El átomo, el hombre, el universo y Dios. ¿Podría ser así? En cierto sentido, sí. Dios está por encima de todo lo que existe. Ya sea respecto a un microorganismo como a un titán. Para comunicarse con Él no es necesario recurrir a intermediarios. De existir una raza microscópica, por cierto que no requeriría de nosotros para hacerse oír por Él.
Pero, ¿qué representaríamos nosotros para esa hipotética raza? Imaginemos a un ser pequeñísimo, visible mediante potentes microscopios, el cual vive en un mundo apropiado a su tamaño, en un planeta de un volumen no mayor que una esfera de un metro de diámetro, por ejemplo. Imaginemos que dichos entes logran imponerse de nuestra existencia por medio de cálculos y observaciones instrumentales, pues nuestra magnitud no podría ser apreciada conforme a su escala. ¿Qué pensarían de nosotros? ¿Nos considerarían dioses? Estaríamos en condiciones de hacer por ellos cosas «sobrenaturales». Llegada la ocasión, seríamos capaces de construirles un mundo artificial infinitamente superior, desde el punto de vista técnico y de seguridad, al que les diera la naturaleza. Podríamos dominarlos como ningún ser humano lo ha hecho hasta ahora.

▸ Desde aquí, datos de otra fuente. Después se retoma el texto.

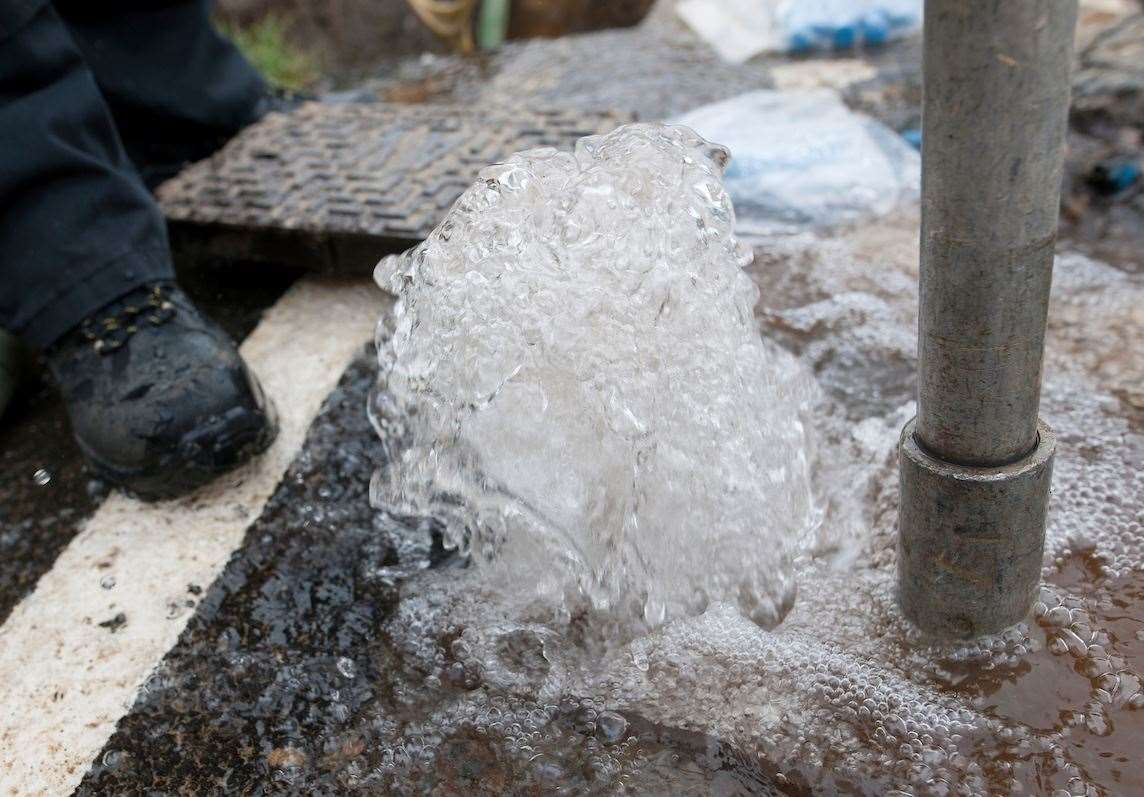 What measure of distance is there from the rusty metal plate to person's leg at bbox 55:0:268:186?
0.10 meters

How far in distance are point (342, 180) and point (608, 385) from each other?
111 cm

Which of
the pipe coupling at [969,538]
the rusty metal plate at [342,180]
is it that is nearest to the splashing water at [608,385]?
the pipe coupling at [969,538]

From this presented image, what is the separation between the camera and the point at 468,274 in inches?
57.6

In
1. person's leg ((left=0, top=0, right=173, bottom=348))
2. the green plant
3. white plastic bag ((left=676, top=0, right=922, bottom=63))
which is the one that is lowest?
the green plant

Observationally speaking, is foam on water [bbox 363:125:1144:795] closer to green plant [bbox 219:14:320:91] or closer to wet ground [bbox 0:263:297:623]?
wet ground [bbox 0:263:297:623]

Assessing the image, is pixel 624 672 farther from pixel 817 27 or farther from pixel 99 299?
pixel 817 27

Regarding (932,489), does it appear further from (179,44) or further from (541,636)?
(179,44)

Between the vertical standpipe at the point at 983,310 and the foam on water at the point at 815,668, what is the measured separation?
0.10 m

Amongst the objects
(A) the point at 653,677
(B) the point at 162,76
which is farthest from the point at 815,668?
(B) the point at 162,76

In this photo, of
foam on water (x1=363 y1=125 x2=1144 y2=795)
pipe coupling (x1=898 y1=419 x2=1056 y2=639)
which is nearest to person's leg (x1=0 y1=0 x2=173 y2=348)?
foam on water (x1=363 y1=125 x2=1144 y2=795)

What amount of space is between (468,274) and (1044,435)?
80cm

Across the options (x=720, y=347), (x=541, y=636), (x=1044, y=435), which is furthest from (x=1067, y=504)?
(x=541, y=636)

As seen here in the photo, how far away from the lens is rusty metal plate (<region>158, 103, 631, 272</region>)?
210 cm

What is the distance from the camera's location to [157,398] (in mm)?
1620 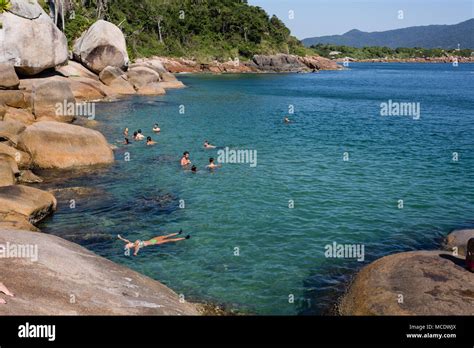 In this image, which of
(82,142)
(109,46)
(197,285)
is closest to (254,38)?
(109,46)

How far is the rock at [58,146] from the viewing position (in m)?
24.6

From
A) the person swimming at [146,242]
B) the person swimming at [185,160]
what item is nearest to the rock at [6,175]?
the person swimming at [146,242]

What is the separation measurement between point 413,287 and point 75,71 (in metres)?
53.2

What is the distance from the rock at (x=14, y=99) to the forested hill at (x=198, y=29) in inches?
3366

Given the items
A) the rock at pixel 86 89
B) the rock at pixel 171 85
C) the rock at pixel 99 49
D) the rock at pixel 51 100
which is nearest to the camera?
the rock at pixel 51 100

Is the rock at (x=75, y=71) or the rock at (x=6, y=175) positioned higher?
the rock at (x=75, y=71)

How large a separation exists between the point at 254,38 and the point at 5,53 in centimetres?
10988

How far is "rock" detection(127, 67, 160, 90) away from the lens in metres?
66.4

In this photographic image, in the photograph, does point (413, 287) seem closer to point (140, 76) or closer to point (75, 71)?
point (75, 71)

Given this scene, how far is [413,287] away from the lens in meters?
10.7

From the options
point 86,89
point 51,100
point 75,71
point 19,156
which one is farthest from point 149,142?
point 75,71

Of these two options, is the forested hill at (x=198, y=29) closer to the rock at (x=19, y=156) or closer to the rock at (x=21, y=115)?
the rock at (x=21, y=115) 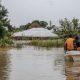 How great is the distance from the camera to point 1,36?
51.3 metres

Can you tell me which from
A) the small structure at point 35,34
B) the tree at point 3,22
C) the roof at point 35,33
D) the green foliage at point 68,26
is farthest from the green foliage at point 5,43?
the roof at point 35,33

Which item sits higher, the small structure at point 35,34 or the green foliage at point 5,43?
the small structure at point 35,34

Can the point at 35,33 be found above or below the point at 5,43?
above

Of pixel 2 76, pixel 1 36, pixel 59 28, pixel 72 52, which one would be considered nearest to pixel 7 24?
pixel 1 36

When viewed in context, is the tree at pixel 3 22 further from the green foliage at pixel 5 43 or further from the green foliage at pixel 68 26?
the green foliage at pixel 68 26

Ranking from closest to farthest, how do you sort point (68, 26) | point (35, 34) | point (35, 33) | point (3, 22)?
1. point (3, 22)
2. point (68, 26)
3. point (35, 34)
4. point (35, 33)

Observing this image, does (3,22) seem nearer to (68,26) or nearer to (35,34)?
(68,26)

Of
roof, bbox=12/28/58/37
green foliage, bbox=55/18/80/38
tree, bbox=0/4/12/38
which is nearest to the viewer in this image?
tree, bbox=0/4/12/38

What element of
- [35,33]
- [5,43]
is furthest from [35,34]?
[5,43]

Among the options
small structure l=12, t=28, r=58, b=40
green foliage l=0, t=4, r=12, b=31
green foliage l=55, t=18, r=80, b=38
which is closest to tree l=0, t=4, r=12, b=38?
green foliage l=0, t=4, r=12, b=31

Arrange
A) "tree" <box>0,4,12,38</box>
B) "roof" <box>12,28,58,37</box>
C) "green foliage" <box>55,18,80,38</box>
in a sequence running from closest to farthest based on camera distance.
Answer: "tree" <box>0,4,12,38</box>
"green foliage" <box>55,18,80,38</box>
"roof" <box>12,28,58,37</box>

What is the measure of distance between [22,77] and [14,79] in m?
0.74

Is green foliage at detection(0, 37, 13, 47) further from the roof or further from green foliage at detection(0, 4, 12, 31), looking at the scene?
the roof

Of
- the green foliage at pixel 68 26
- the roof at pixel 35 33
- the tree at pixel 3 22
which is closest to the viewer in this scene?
the tree at pixel 3 22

Podríamos elegirles una órbita alrededor de nuestro mundo, y hacerlos girar allí hasta que nos diera la gana. Nos serían de gran utilidad para descorrer los misterios del microcosmos. Podríamos inyectarlos en nuestras venas y utilizarlos para explorar nuestros vericuetos orgánicos, y obtener de ellos valiosas informaciones. ¡Observadores inteligentes que nos servirían para la conquista del micromundo! Y la contrapartida: jugaríamos ante ellos el papel de Hacedores, de divinidades de su universo.
Pero ellos, por hallarse dotados de la capacidad de razonar y hacer abstracciones, comprenderían a la larga que, por mucho que fuese nuestro poder y dimensión, seríamos, como ellos, productos de la creación. Seres prodigiosos pero llenos de flaquezas y necesidades.
Raros, incomprensibles quizá, misteriosos en nuestros propósitos. Nada más. Si ellos se autodenominaran humanos, dentro de los límites de su universo, nosotros pasaríamos a integrar el mundo de lo no-humano o de lo sobrehumano. Así denominamos todos aquellos fenómenos cuyo origen desconocemos. Capaces de convertirnos en sus tiranos absolutos, podríamos hacer de ellos nuestros más humildes y sumisos esclavos, bajo la amenaza siempre latente de destruirlos en un abrir y cerrar de ojos. De existir una raza semejante, nosotros, por haber alcanzado un alto grado de civilización, nos compadeceríamos de tales seres, siempre que no representaran un peligro para nuestra seguridad, y trataríamos de ayudarlos. Nos sería posible construirles un paraíso y solucionar de golpe la totalidad de sus problemas.